- **Assignment**:
Your response must be the entire set of entries, reproduced word for word.
Data listing below:
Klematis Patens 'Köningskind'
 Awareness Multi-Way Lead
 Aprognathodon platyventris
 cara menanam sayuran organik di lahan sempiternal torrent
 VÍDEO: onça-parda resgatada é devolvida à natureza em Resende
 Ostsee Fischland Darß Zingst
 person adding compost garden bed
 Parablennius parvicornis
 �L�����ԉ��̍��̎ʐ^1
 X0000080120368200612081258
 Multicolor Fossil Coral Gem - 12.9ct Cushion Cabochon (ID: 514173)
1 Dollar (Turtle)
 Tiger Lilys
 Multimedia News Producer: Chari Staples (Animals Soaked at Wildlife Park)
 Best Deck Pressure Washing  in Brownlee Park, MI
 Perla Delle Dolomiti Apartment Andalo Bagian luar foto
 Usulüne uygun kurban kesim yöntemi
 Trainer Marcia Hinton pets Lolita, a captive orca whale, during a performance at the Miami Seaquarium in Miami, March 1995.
End of Data listing.
- **Solution below**:
Klematis Patens 'Köningskind'
 Awareness Multi-Way Lead
 Aprognathodon platyventris
 cara menanam sayuran organik di lahan sempiternal torrent
 VÍDEO: onça-parda resgatada é devolvida à natureza em Resende
 Ostsee Fischland Darß Zingst
 person adding compost garden bed
 Parablennius parvicornis
 �L�����ԉ��̍��̎ʐ^1
 X0000080120368200612081258
 Multicolor Fossil Coral Gem - 12.9ct Cushion Cabochon (ID: 514173)
1 Dollar (Turtle)
 Tiger Lilys
 Multimedia News Producer: Chari Staples (Animals Soaked at Wildlife Park)
 Best Deck Pressure Washing  in Brownlee Park, MI
 Perla Delle Dolomiti Apartment Andalo Bagian luar foto
 Usulüne uygun kurban kesim yöntemi
 Trainer Marcia Hinton pets Lolita, a captive orca whale, during a performance at the Miami Seaquarium in Miami, March 1995.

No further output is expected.